-- EXERCISE DIRECTIONS --
Below are records with pictures; copy word for word only the lines between the line with "② MERCEDES-BENZ VITO" and the line with "VOLVO XC40 2022 YV4AC2HK1N2767510 image", inclusive, and drop the pictures.

*** TASK INPUT Section Begins ***

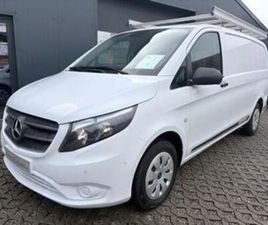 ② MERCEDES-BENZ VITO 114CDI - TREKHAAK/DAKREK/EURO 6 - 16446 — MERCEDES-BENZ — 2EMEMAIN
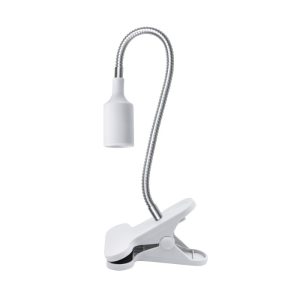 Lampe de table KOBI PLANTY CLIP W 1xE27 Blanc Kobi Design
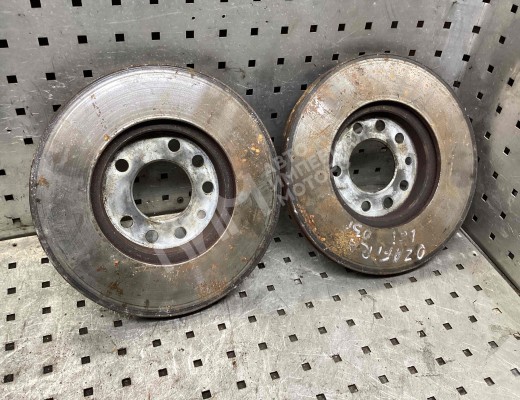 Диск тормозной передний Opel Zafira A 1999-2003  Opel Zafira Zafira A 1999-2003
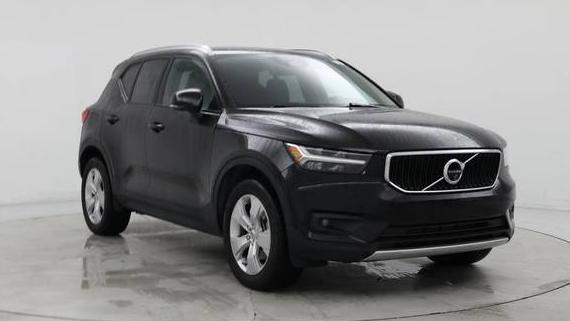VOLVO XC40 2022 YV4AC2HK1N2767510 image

*** TASK INPUT Section Ends ***
*** TASK INPUT Section Begins ***

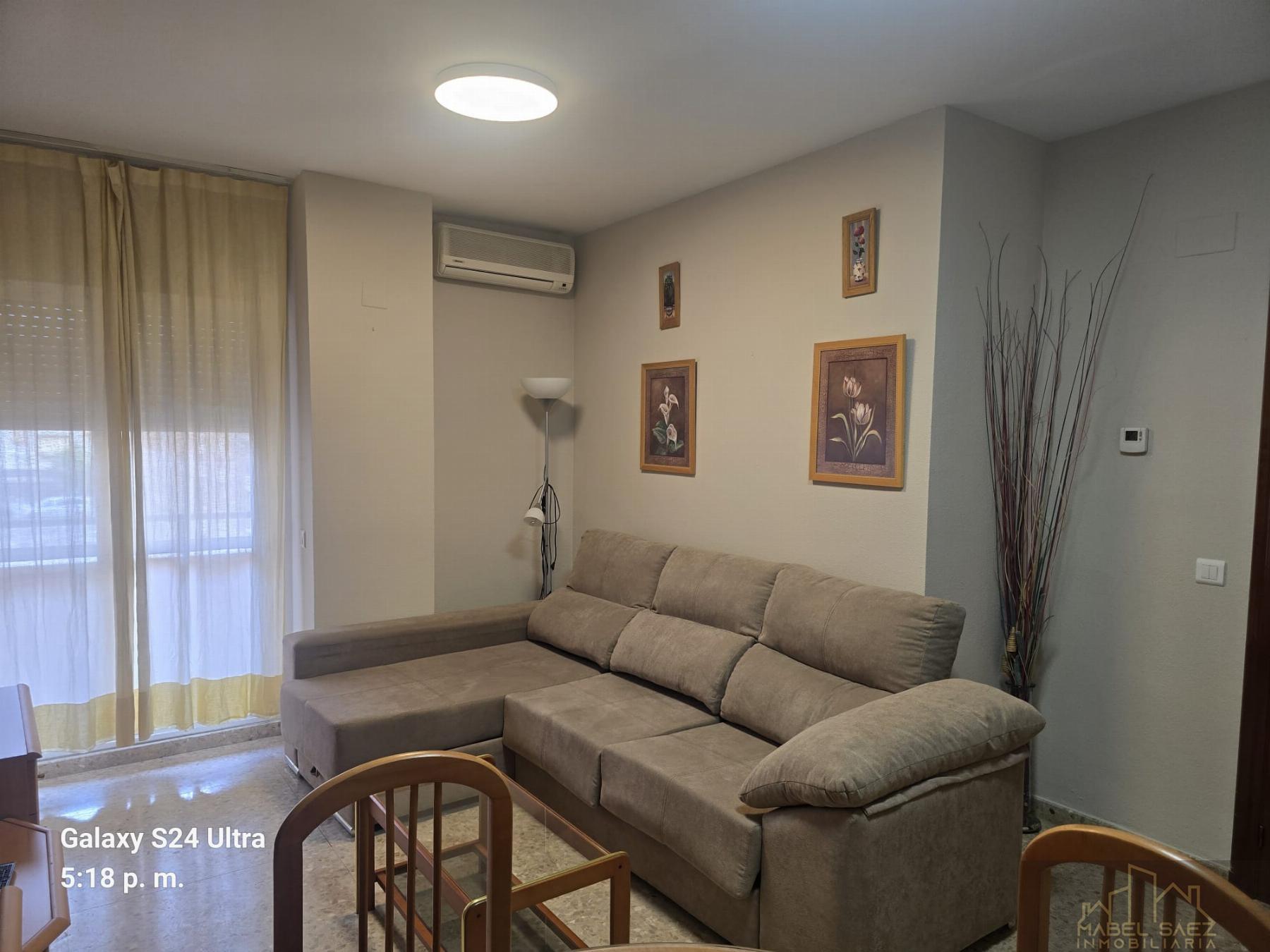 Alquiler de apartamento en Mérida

*** TASK INPUT Section Ends ***

-- SOLUTION FOR THIS TASK --
 ② MERCEDES-BENZ VITO 114CDI - TREKHAAK/DAKREK/EURO 6 - 16446 — MERCEDES-BENZ — 2EMEMAIN
 Lampe de table KOBI PLANTY CLIP W 1xE27 Blanc Kobi Design
 Диск тормозной передний Opel Zafira A 1999-2003  Opel Zafira Zafira A 1999-2003
VOLVO XC40 2022 YV4AC2HK1N2767510 image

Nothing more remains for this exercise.